Work to complete >> What is needed is a word-for-word copy of the lines below from the one with "Pair of walnut" through the one with "Crazy owl on", both included, with every picture left out.

Data >>
○ ○ ○
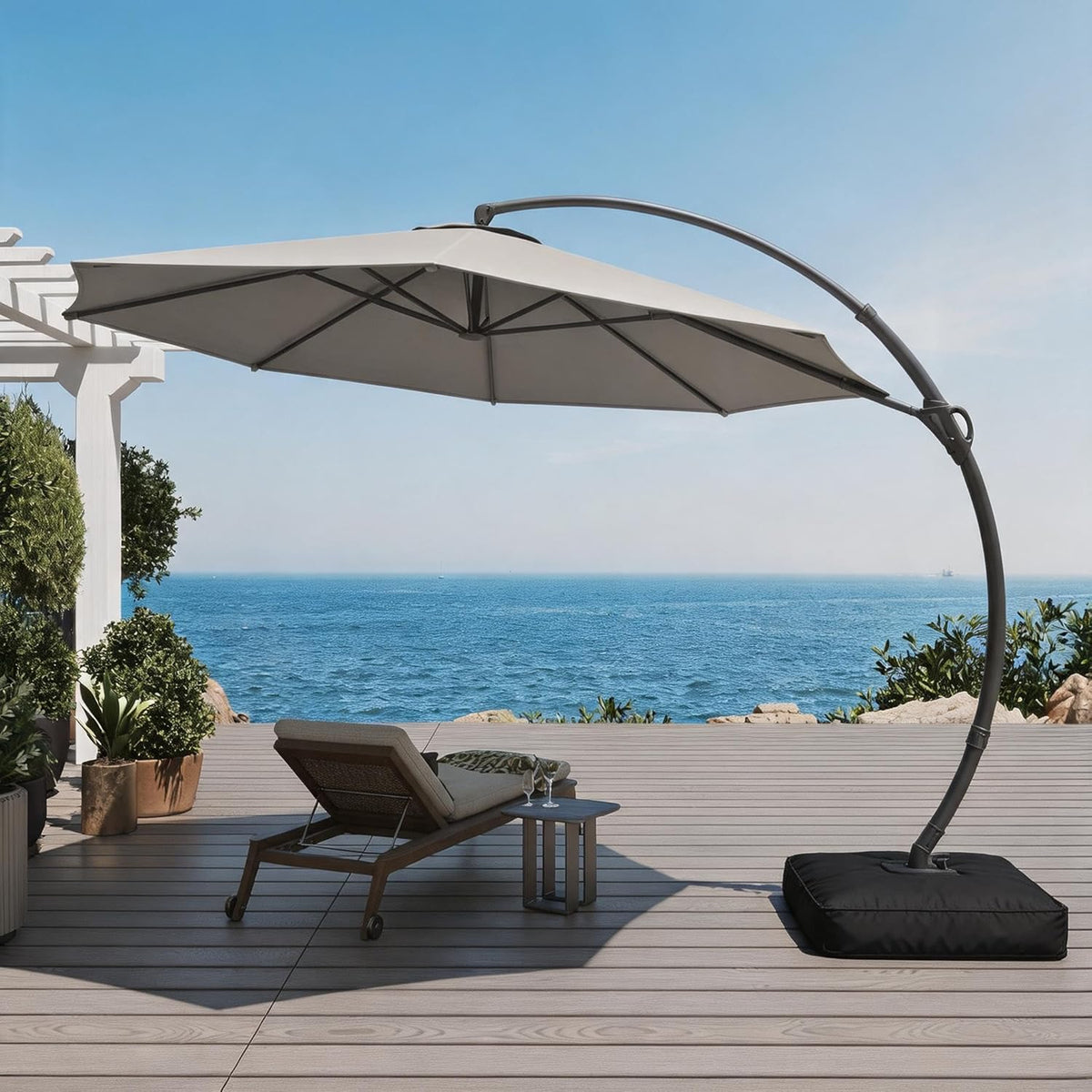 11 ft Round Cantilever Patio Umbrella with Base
○ ○ ○
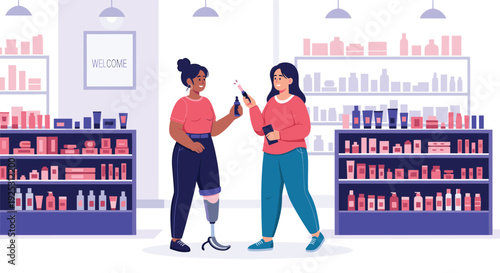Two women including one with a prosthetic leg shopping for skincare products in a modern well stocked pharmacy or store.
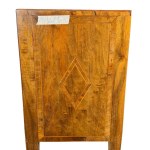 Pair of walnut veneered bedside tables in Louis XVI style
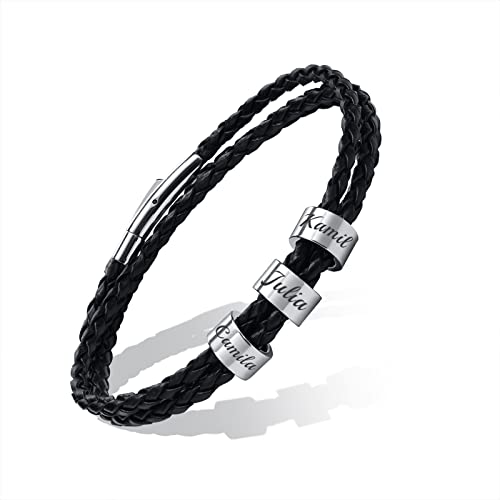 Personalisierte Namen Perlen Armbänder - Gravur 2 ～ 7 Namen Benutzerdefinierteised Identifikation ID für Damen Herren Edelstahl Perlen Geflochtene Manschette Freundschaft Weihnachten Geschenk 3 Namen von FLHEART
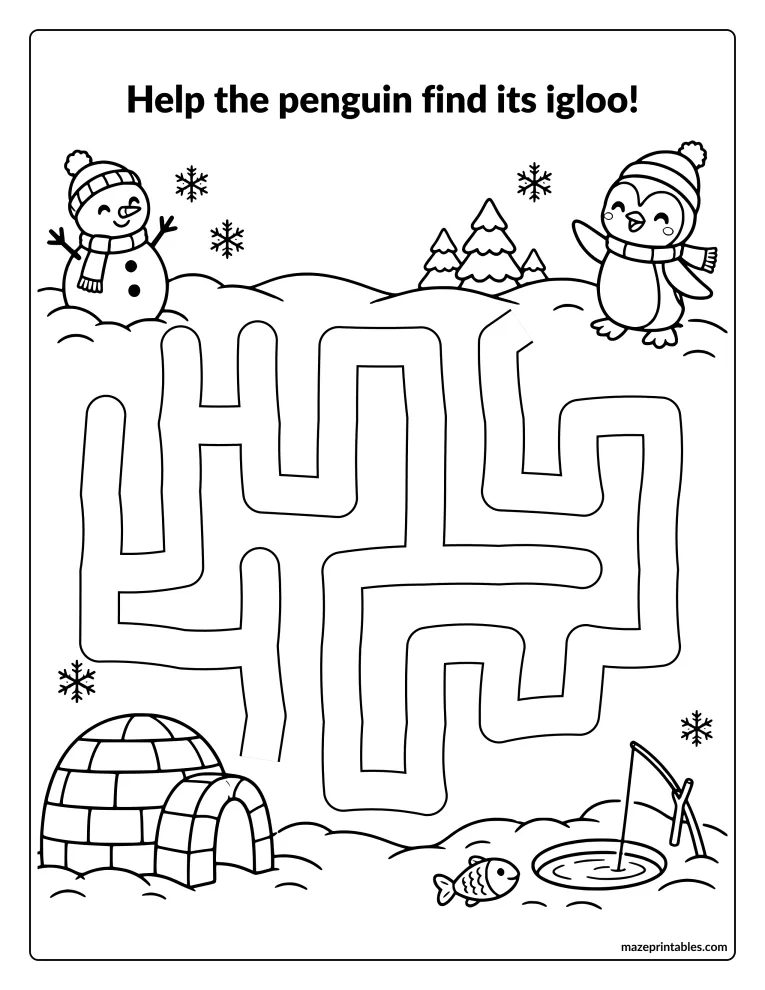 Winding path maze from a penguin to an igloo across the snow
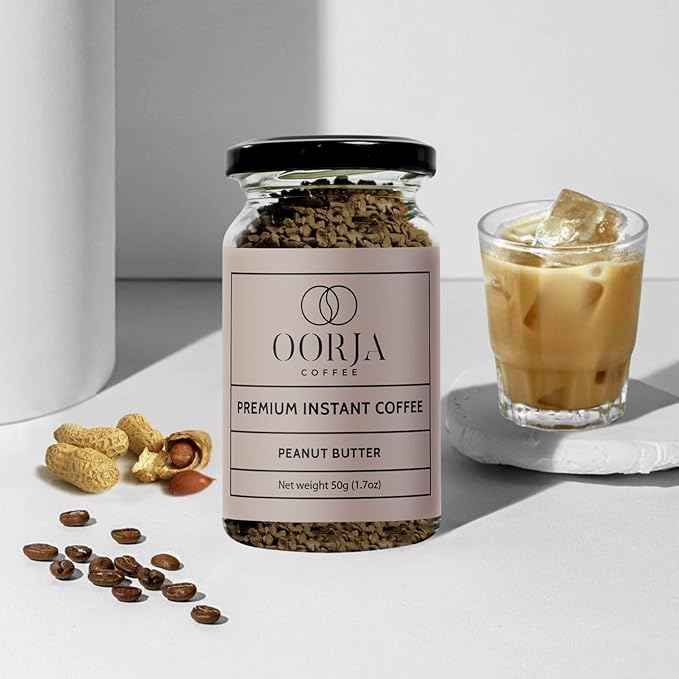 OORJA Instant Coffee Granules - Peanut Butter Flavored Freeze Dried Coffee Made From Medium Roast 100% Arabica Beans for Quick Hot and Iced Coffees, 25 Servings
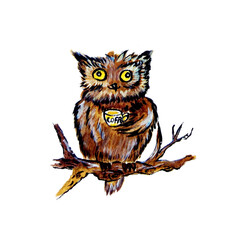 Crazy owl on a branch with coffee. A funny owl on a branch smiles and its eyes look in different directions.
○ ○ ○
Written answer >>
 Pair of walnut veneered bedside tables in Louis XVI style
 Personalisierte Namen Perlen Armbänder - Gravur 2 ～ 7 Namen Benutzerdefinierteised Identifikation ID für Damen Herren Edelstahl Perlen Geflochtene Manschette Freundschaft Weihnachten Geschenk 3 Namen von FLHEART
 Winding path maze from a penguin to an igloo across the snow
 OORJA Instant Coffee Granules - Peanut Butter Flavored Freeze Dried Coffee Made From Medium Roast 100% Arabica Beans for Quick Hot and Iced Coffees, 25 Servings
 Crazy owl on a branch with coffee. A funny owl on a branch smiles and its eyes look in different directions.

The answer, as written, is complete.